Branimir Altgayer (born either 8 November 1897 in Przekopane, Galicia; or 8 December 1897 in Kutjevo, Slavonia – died 15 May 1950 (or 15 May 1951) in Zagreb) was a German minority leader in the Kingdom of Yugoslavia and the Independent State of Croatia, and an SS officer in World War II.

==Life==
According to postwar interrogations Altgayer was born in Galicia, where his father, a native of Osijek, served as an Austro-Hungarian army cavalry officer. Altgayer grew up in various garrison towns, including Pardubice, Čakovec and Sarajevo. In 1904 his family moved to Kutjevo in Slavonia, where he attended school.

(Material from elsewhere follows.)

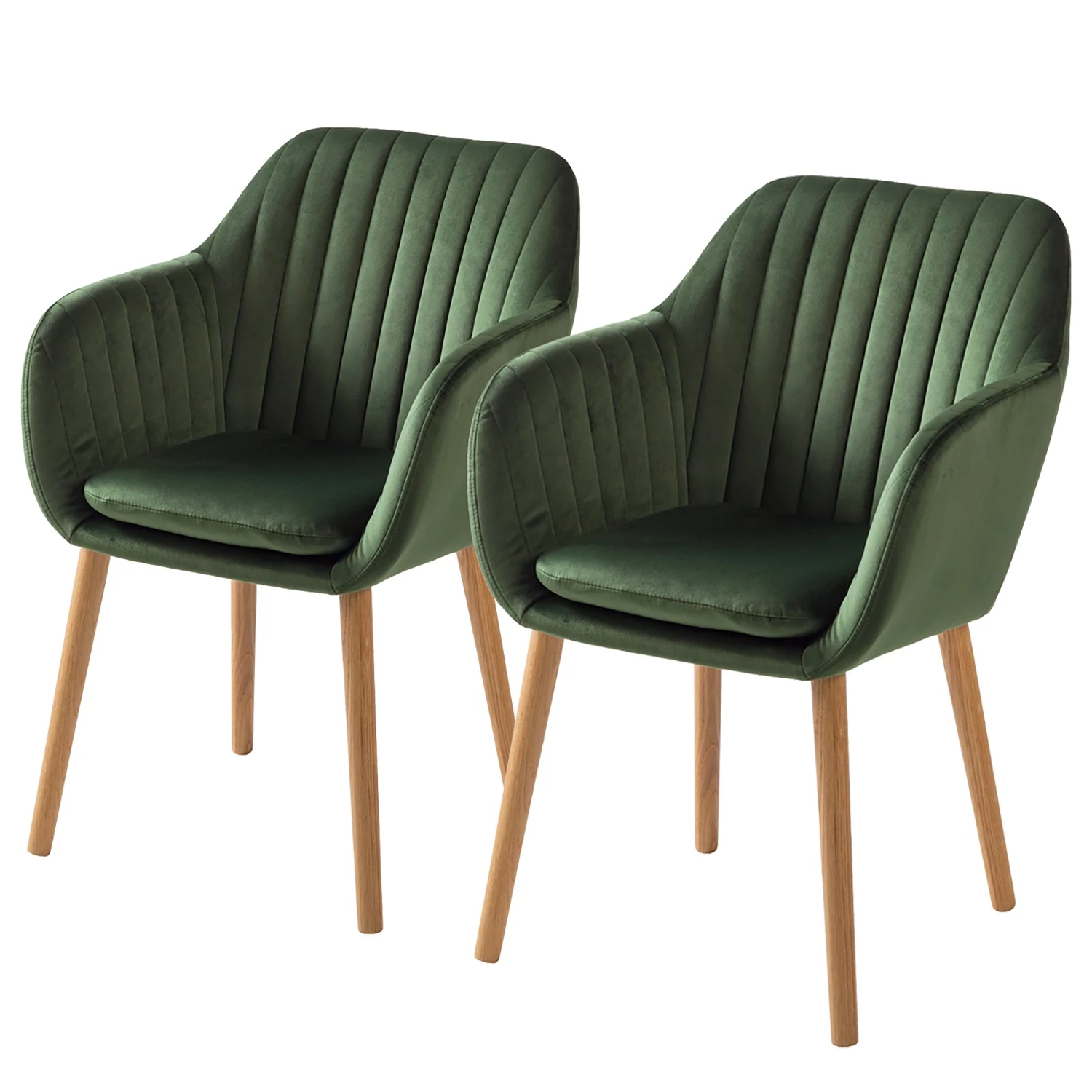 Mørteens Chaises à accoudoirs Tilanda - Tissu / Chêne massif - Velours Kemi: Vert foncé - Lot de 2 1 Mørteens Chaises à accoudoirs Tilanda - Tissu / Chêne massif - Velours Kemi: Vert foncé - Lot de 2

He then attended schools in Osijek and Zemun, where he obtained his high school diploma.

He attended the Cavalry Cadet School in Moravia between 1912 and 1915, and then fought during World War I as an officer in the Austro-Hungarian army in Russia, Romania and Italy. On 24 August 1915 he was appointed as a Leutnant (lieutenant) and on 17 August 1917 promoted to Oberleutnant (senior lieutenant). Between 16 December 1918 and 28 January 1927, Altgayer served in the army of the Kingdom of Serbs, Croats and Slovenes, where he reached the rank of Captain First Class. After leaving the army he worked as a bookkeeper, bank clerk, representative and head of an agricultural cooperative. After 1937 he became involved in Volksdeutsche (ethnic German minority) communal politics.

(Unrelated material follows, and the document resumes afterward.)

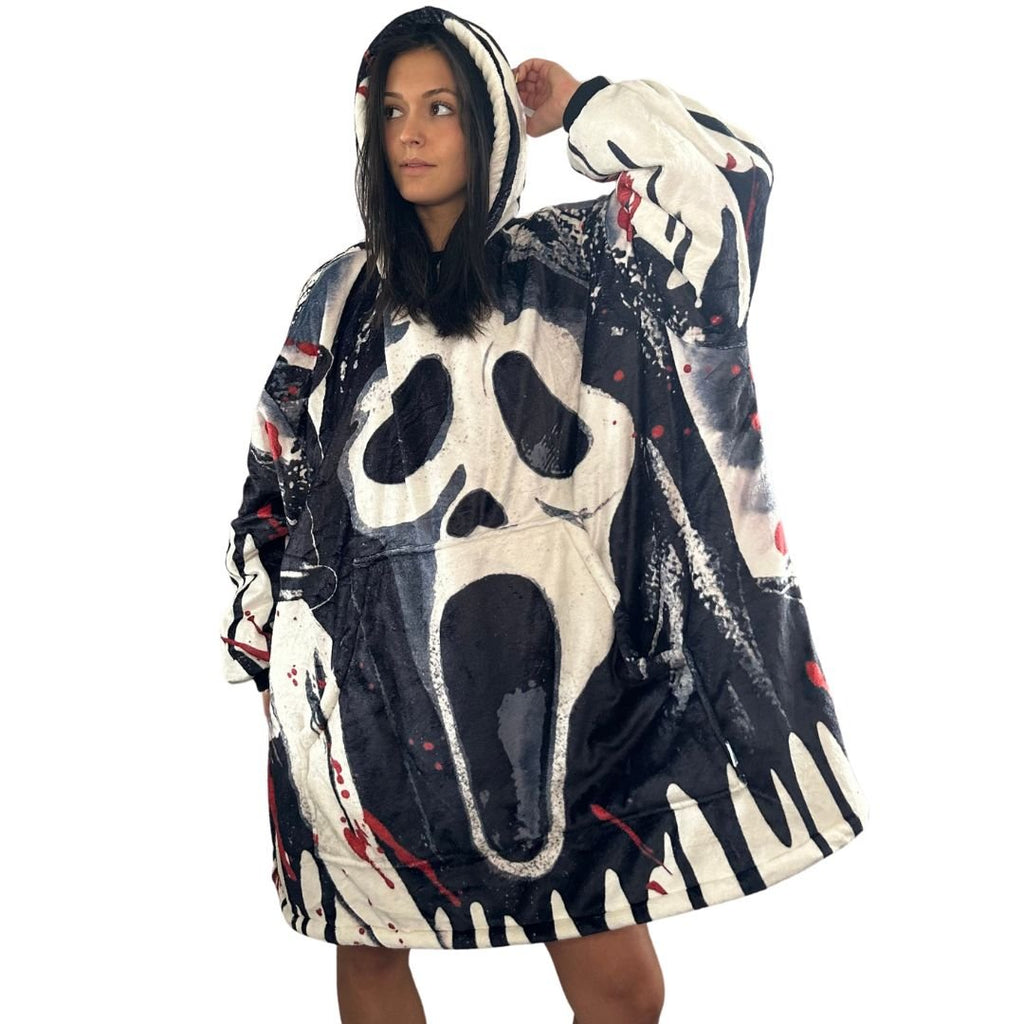 Ghost Face Horror Wearable Blanket Hoodie for Kids & Adults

Branimir Altgayer took a lead in the Schwäbisch-Deutschen Kulturbund Jugoslawiens (Swabian-German Cultural Association of Yugoslavia). In 1936 he founded in Osijek the Kultur- und Wohlfahrtsvereinigung der Deutschen (KWVD/Cultural and Welfare Association of Germans). After the pro-Nazi takeover of the German minority political realm in 1939, he was appointed regional head of Slavonia.

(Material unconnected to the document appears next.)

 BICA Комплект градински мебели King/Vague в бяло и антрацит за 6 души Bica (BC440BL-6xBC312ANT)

After the founding of the Ustaše-led Independent State of Croatia (NDH) Altgayer was not initially selected by the Nazis to lead the German minority in the NDH. Rather, power went to Josef Meier who followed guidance from the Volksdeutsche Mittelstelle (VoMi) in Berlin more closely. Altgayer quickly "became a chronic source of trouble for VoMi. Due to his popularity with the NDH authorities as well as his German constituents, Altgayer increasingly disregarded VoMi's instructions, especially when he believed that Reich demands conflicted with the best interests of his Volksdeutsche."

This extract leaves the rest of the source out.